Determinations regarding shipment of product to exclusive territories of CGP
shall be defined as the ultimate location at which a product is utilized.
4. The varieties of seed covered by and under this Agreement consist of the
following:
Glukhovskaja 33;
Zolotonoshskaja odnodomnaja 11 (Zol. USO-11);
Zolotonoshskaja 13;
Zolotonoshskaja 15;
USO 14;
USO 16 and
USO 31
Varieties shall be defined as germ plasm presently developed and germ plasm
to be developed by Institute.
Institute represents and certifies that these varieties have been tested and
are suitable for planting on a commercial scale. Institute also represents
that it will assist CGP in identifying farmers who are interested in planting
and growing these seed varieties and is not aware of any superior product
developed by either Institute or third parties which would render these seed
varieties commercially, functionally or economically obsolete or non-
competitive.
5. Institute hereby authorizes CGP to further license or sub-license any and
all seed varieties licensed to CGP under this Agreement to third party sub-
licensees. All costs of such sub-licensing arrangements, including the cost
of pre-trials, registration trials and any related license or sub-license
fees, shall be born by CGP, except those administrative costs of Institute.
In the event that CGP does issue sub-licenses, Institute will not be
responsible for dealing directly with any such CGP sub-licensees. CGP hereby
agrees to bind its sub-licensees to all applicable provisions of this
Agreement. CGP further shall limit Institute supplied confidential data
available to sub-licensees to that which is required for the successful
performance of respective Sub-licensee. Sub-licenses may be awarded by CGP
in the country of seed development.
6. Institute hereby grants and conveys to CGP the plant breeder rights
(Plant Variety Protection) for the varieties stated in Paragraph 4 above in
the geographical areas indicated in Paragraph 3 above.
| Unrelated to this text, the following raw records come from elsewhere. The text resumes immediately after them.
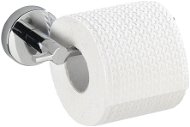 Toilet Paper Holder WENKO VacuumLoc CAPRI - Toilet Paper Holder, Chrome - Držák na toaletní papír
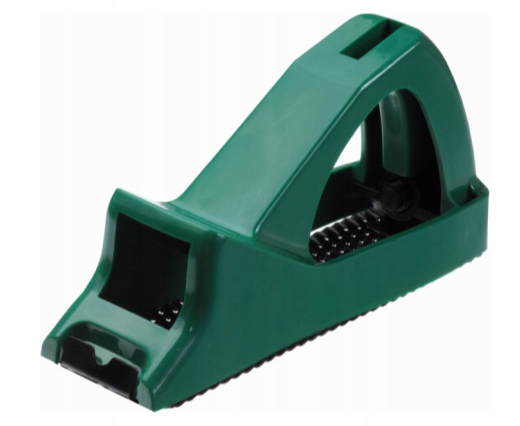 

Zdzierak Tarnik Strug Do Płyt Gipsowych 145x40 mm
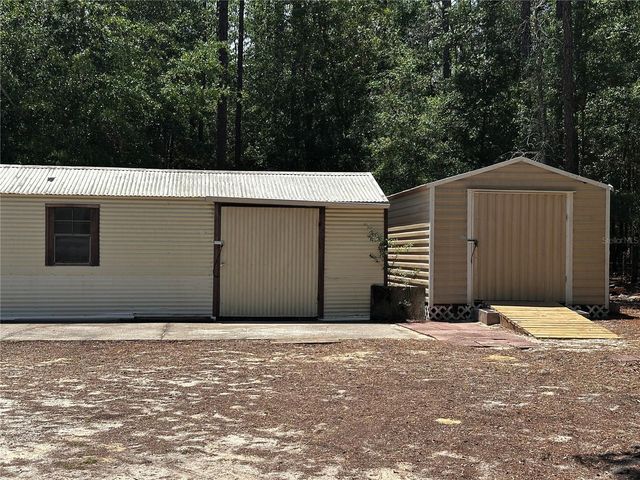 3890 SW 189TH AVENUE, Dunnellon, FL 34432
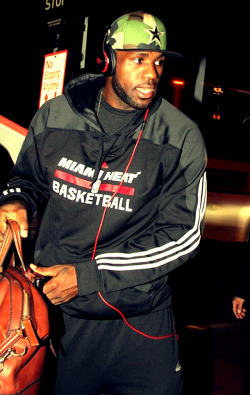 #Heatnation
Institute agrees to
fully cooperate in, and pay any and all costs pertaining to, the acquisition
and maintenance of said breeder rights in each political subdivision within
the geographical areas so indicated from any third party which may hold or
claim to hold any such rights, or attempt to challenge the holding of such
rights by CGP. Institute shall fully indemnify CGP, including any and all
legal fees or other costs, in perfecting or maintaining said breeder rights
conveyed under this Agreement.
7. Institute shall, at its sole cost and expense, make available to CGP
Breeder Seed on the terms contained in Paragraph 8 below, and will cooperate
with CGP for the seed production and "Maintenance of the Variety" in the
sequence as follows:
1) Breeder Seed;
2) Select Seed;
3) Foundation Seed;
4) Registered Seed and
5) Certified Seed
All production seed sold to CGP or CGP customers shall be pedigree seed.
Institute and CGP both agree to sell only pedigree seed and will work with
users of the seed to preserve the pedigree. CGP shall market Certified Seed
only.
8. Institute hereby agrees to sell to CGP and CGP agrees to purchase from
Institute, seed for testing. Such quantities shall be as determined by CGP.
The purchase price to CGP for any such seed for testing shall be Xxx Xxxxxxxx
Xxxx Xxxxxxx Xxxxxx Xxxxxx Dollars (US$1,500.00) per metric ton, delivered
FOB a reasonable port nearest the seed point of origin which regularly
handles containerized cargo. Payment of the price per ton shall be made in
advance at the time the order for seed for testing is placed.
Institute agrees not to sell seeds to any other entity at a price less than
the price charged to CGP, except for sales of seed sold for testing purposes
to the countries of the former Soviet Union.
CGP shall not pay a royalty to Institute of seed that CGP purchases for
testing purposes.
CGP shall endeavor to place orders for testing seed with Institute by January
2 of the year in which respective is required. Institute shall be under no
obligation to produce or deliver testing seed for orders placed by CGP
subsequent to January 2 in which delivery is contemplated.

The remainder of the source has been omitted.